Conditions Governing Access

There are no restrictions on the use of this collection.

Extent

3.25 Cubic Feet

9 Boxes (DC), Audio Tapes, Negatives, Oversize Material, Photographs

Biographical or Historical Information

Vernon William Patterson was born in Clarksville, Virginia, on July 20, 1892 to Virgilius and Jeffie Catherine Williams Patterson. His family moved to nearby Spartanburg in 1902. Patterson was converted at age fifteen during an evangelistic service held in a local Baptist church. His education included studying for one school year at Wofford College (1909-10), and special studies at the University of Louisville (1919-20).
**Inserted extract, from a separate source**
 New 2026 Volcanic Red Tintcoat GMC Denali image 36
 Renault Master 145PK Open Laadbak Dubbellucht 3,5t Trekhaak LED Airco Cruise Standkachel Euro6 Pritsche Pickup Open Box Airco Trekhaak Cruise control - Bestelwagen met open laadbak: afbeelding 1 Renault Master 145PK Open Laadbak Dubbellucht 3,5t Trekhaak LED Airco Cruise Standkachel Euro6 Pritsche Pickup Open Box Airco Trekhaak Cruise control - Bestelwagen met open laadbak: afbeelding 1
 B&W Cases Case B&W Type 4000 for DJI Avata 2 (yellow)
Patterson was employed for most of his business career by the American Sales Book Company, (renamed Moore Business Forms, Inc. in 1945). He was first based as a salesman in Asheville, North Carolina (1916-1918). After working as the assistant director of YMCA schools in Louisville (1918-1921), a life insurance agent (1921-1922), a field secretary for Moody Bible Institute in Chicago (1922-1925), a real estate agent in St. Petersburg, Florida (1925-1926), and as secretary for the Longwood Bible Conference in Longwood, Florida (1926-1927), he returned to American Sales in 1927, where he worked until his retirement in 1957. During that period, he served as the company's general agent for Charlotte, North Carolina (1927-1945), city office manager (1946), special account salesman (1945-1957), and sales counsellor (?-1957). His professional affiliations included being a member of the National Office Managers Association.
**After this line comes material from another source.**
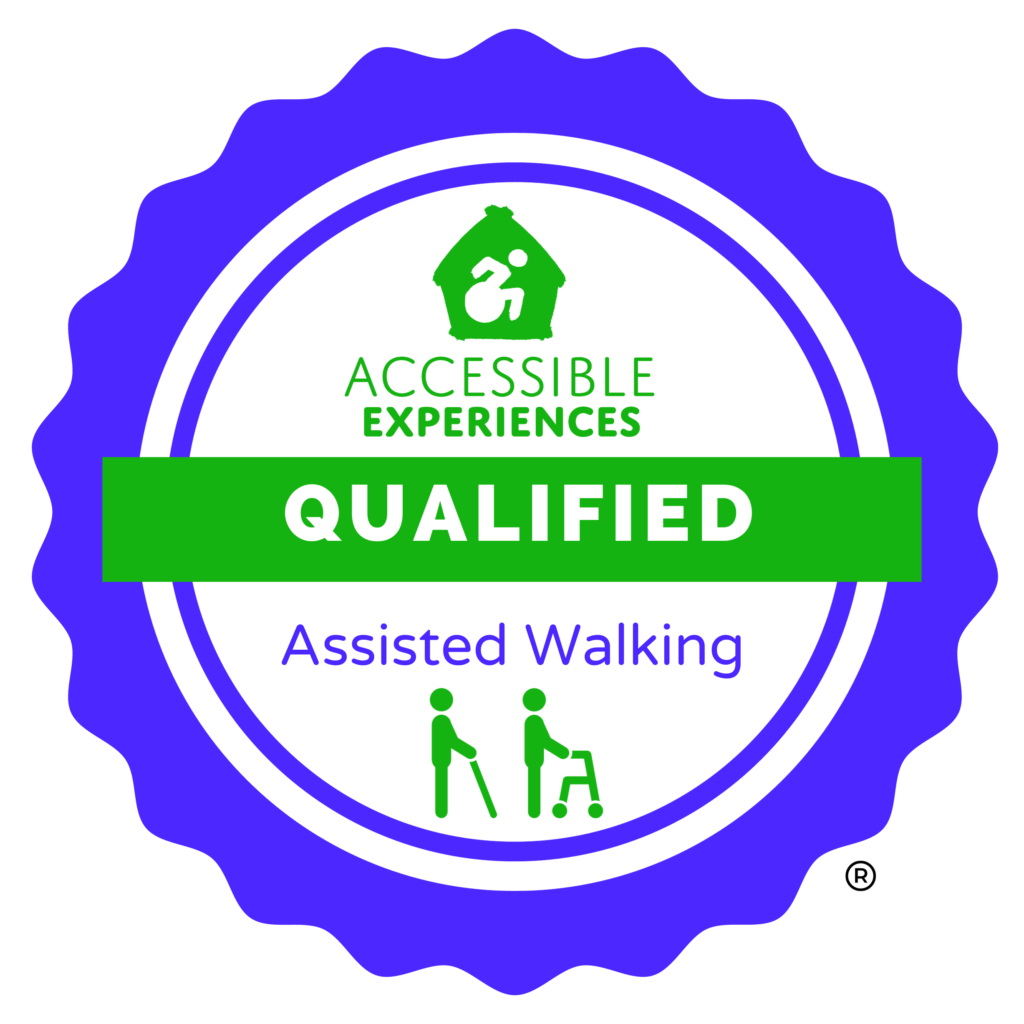 Accessible Experiences Qualified Assisted Walking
Patterson's life was marked by participation in evangelistic efforts coordinated by laymen. He was one of the group of Charlotte citizens which invited Mordecai Ham to the Charlotte area to hold an evangelistic campaign in 1934. It was during these controversial meetings that Billy Graham was converted. He was also active in the follow-up to those meetings, provided by the newly formed Evangelical Bible League; it was through the Bible League that Patterson coordinated an evangelistic meeting at which Arno C. Gaebelein was the speaker. Patterson later participated in Billy Graham's crusades in Charlotte, serving as chairman for the 1947 Revival and as a member of Board of Directors for the 1958 Crusade.
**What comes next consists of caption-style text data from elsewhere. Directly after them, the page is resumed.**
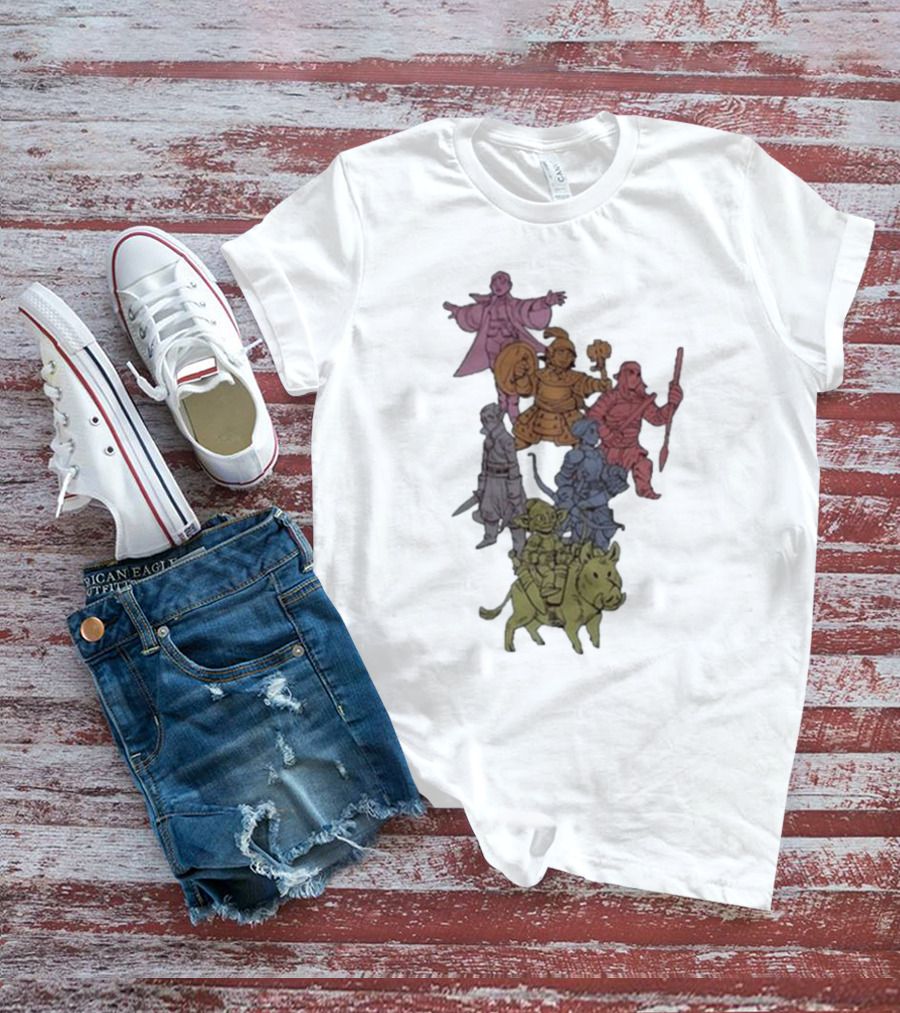 Conduit Talent Reaver Shadow Tactician Beastheart Adventurers T-Shirt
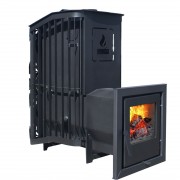 Печь-каменка Варвара ТЕРМА Каменка Мини удлиненная топка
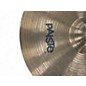 Used Paiste 16in 802 Cymbal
Patterson was especially active in the Christian Men's Evangelistic Club. Sometimes called the Billy Sunday Club, it grew out of a 1924 revival campaign Sunday held in Charlotte. There were many such clubs which grew out of Sunday's meetings and they eventually joined to form the Businessmen's Evangelistic Association (later renamed the National Christian Laymen's Evangelistic Association, followed by Fishers of Men). Patterson was active in the national as well as the state activities of the group, and served as president of the state and the national associations and was a frequent writer in the association's newsletter, Christian Worker (later, Fishers of Men). The organization merged with the Christian Businessmen's Committee, International around 1958. Patterson continued to play an active role in the new movement as well. His official roles within the movement included: president, North Carolina Businessmen's Evangelistic Association (1935-1941); president, National Laymen's Evangelistic Association (1946-1948); director, Christian Businessmen's Committee International (1948-1955), and honorary director (1962- ). While working at various levels of CBMC, Patterson coordinated evangelistic meetings with William K. Harrison, Jimmie Johnson, and Oswald Smith, among others. Patterson's involvement in evangelism was not limited to administration, as he also preached himself.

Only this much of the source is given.